ELECTRON-DEFICIENT ISOALLOXAZINES - MODEL SYSTEMS FOR DISULFIDE PRODRUG FORMATION

Drugs which contain a thiol functionality may be enzymatically or nonenzymatically oxidized to reactive metabolites, some of which cause adverse reactions. The synthesis of disulfide prodrugs to obviate unwanted drug side effects requires the development of novel catalysts.
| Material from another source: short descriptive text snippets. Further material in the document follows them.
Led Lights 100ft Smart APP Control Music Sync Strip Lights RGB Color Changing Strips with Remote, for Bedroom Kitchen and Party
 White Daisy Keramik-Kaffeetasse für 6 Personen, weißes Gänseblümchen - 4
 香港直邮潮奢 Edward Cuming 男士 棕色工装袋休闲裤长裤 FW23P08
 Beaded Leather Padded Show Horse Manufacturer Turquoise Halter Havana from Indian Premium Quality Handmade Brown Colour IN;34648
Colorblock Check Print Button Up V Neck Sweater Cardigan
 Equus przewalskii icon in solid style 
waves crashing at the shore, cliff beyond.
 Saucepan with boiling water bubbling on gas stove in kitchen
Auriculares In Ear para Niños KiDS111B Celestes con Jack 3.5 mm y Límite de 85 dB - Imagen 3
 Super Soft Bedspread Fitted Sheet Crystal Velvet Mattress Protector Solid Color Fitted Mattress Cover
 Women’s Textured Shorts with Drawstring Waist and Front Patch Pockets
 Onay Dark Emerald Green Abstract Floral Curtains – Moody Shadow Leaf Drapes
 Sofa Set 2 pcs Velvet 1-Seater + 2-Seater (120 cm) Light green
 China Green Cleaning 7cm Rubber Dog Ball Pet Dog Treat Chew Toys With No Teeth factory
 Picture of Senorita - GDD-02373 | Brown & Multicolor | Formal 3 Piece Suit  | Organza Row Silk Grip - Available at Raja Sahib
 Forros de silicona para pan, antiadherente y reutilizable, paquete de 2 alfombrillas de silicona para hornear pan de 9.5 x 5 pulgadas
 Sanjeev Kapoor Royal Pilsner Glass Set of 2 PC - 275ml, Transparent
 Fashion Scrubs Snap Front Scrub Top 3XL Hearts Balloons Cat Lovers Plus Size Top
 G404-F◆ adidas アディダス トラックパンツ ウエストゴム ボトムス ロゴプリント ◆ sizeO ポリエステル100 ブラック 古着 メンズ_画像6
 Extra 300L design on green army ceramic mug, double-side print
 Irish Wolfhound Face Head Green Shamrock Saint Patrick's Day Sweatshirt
Herein, we describe the synthesis, structure-activity relationship, and mechanism investigations of the oxidation of model thiophenols with isoalloxazine disulfide formation catalysts. m-Nitrothiophenol (31) reacts with the electron-deficient 8-cyano-N-3-(mercaptoalkyl)-10-phenylisoalloxazines (5-8) and non-electron-deficient N-3-(mercaptoalkyl)-10-methylisoalloxazines (1-4) to produce m-nitrothiophenol disulfide. m-Nitrothiophenol (31) reacts with electron-deficient 8-cyano-10-phenyl-3-isoalloxazinepentanoic acid (10) or 10-methyl-3-isoalloxazinepentanoic acid (9) to form m-nitrothiophenol disulfide at a reduced rate, or not at all, respectively. Of the substituted isoalloxazines studied, electron-deficient isoalloxazines containing an N-3-mercaptoalkyl side chain were most efficient at catalyzing m-nitrothiophenol disulfide formation. Non-electron-deficient isoalloxazines without an N-3-alkyl mercaptan side chain (9) did not catalyze m-nitrothiophenol oxidation. Electron-deficient isoalloxazines without N-3-alkyl mercaptan side chains catalyzed m-nitrothiophenol oxidation at 1/20 the rate for isoalloxazine 5. From kinetic and product studies, the differences in catalytic activity of 1-10 were judged to be due to changes in the chemical properties of the isoalloxazines and the ability to stabilize intramolecular thiol attack on the C(4a)-N(5) bond of the isoalloxazine. Electron-deficient isoalloxazines may be useful catalysts for the syntheses of disulfide prodrugs.